Is there a way to retrieve the match's URL, not just the ID?

I have a feeling of deja vu - that I once wrote to the list or filed a request for this, but I can't find any record of that.  I seem to recall that the answer had to do something with the fact that the full URL isn't stored in the data, only the ID; and the URL rules come from the current reconciliation service's definition.  Is that right?  

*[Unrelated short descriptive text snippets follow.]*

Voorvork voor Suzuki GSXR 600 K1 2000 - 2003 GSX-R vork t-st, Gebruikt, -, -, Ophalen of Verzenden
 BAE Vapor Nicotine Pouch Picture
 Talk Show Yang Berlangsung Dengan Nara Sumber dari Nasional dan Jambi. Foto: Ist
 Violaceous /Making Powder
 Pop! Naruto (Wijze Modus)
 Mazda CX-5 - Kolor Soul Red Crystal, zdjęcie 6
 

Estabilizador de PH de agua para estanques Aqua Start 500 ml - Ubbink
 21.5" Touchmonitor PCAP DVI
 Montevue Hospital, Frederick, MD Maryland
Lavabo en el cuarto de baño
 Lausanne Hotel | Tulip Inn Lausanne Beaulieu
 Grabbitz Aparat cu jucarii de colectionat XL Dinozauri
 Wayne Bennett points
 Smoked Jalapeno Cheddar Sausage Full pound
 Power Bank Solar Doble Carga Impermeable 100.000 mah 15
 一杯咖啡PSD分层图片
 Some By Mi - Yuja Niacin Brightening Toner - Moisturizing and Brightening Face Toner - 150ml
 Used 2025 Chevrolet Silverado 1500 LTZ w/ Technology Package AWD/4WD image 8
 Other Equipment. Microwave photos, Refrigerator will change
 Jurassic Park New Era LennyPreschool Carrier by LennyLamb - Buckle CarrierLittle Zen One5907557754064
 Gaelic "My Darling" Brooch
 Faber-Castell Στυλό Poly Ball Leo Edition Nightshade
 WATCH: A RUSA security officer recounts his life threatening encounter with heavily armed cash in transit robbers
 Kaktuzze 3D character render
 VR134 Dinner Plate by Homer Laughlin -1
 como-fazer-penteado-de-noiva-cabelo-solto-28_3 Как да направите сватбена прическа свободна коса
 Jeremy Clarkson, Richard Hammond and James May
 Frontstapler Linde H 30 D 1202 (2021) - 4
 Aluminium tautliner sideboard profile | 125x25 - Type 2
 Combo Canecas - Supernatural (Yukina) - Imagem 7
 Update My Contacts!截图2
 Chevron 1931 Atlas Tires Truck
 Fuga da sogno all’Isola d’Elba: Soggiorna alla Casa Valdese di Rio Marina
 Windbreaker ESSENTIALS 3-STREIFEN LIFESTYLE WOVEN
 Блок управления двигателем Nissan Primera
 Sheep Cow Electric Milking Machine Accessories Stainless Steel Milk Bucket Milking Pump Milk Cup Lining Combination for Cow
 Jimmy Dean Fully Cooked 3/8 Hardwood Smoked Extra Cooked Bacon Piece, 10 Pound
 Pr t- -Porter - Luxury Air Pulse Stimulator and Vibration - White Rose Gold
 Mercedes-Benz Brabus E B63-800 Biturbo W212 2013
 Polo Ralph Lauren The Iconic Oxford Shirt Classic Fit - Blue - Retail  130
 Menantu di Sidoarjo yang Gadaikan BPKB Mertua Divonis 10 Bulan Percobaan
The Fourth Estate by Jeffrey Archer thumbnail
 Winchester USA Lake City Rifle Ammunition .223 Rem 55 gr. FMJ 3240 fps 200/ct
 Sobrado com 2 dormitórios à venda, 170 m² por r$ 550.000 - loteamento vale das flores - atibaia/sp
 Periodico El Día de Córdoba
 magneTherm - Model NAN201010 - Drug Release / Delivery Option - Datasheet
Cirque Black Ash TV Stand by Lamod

Even so, Is there really no way to retrieve that base URL or URL-generation formula and have this available to a GREL expression in a cell/column transformation?

Thanks,
Joe

p.s. I've posted my reconciliation service code at https://github.com/HistoryAtState/people/blob/master/modules/reconcile.xq. It runs on eXIst-db. Unfortunately some nginx issue that I haven't fully debugged is getting in the way of accessing this service on the beta site, https://1861.history.state.gov/exist/apps/people/. It works when deployed locally, but on the remote server it stalls during the initial discovery step. But hopefully soon we will have the service available for testing.

Sean Crowe

unread,
May 22, 2017, 3:46:19 PM5/22/17
to OpenRefine
I have this same question. I see that when exporting html, the match URL is included but I can't seem to access the URL via GREL.

Thad Guidry

unread,
May 22, 2017, 5:40:02 PM5/22/17
to OpenRefine
The truth is always in the source code. :)

We don't have the URL as part of the ReconCandidate model.  However...read on. :)

Take a look at the existing ReconCandidate model

You'll notice that we store only 4 things for a ReconCandidate :

public class ReconCandidate implements HasFields, Jsonizable {

    final public String id;
    final public String name;
    final public String[] types;
    final public double score;


But you might be looking for lots of the under the covers (undocumented) methods and just construct something of your own in a hackish way (that maybe works for you... or not) :.

cell.recon.service + "/" + cell.recon.match.id

cell.recon.judgmentBatchSize

cell.recon.schemaSpace

In fact, you just play around with anything double quoted in our source code for Recon, ReconCandidate, etc ... https://github.com/OpenRefine/OpenRefine/tree/master/main/src/com/google/refine/model

you will see lots of things like "judgmentBatchSize" and "judgmentAction" and "schemaSpace", "identifierSpace", etc.

Many of those that you will see double quoted in that Recon.java source and others depend on WHAT the actual JSON looks like that is returned from the host Recon server your hitting.  (They may have implemented those or not, and if not, you will just get a null)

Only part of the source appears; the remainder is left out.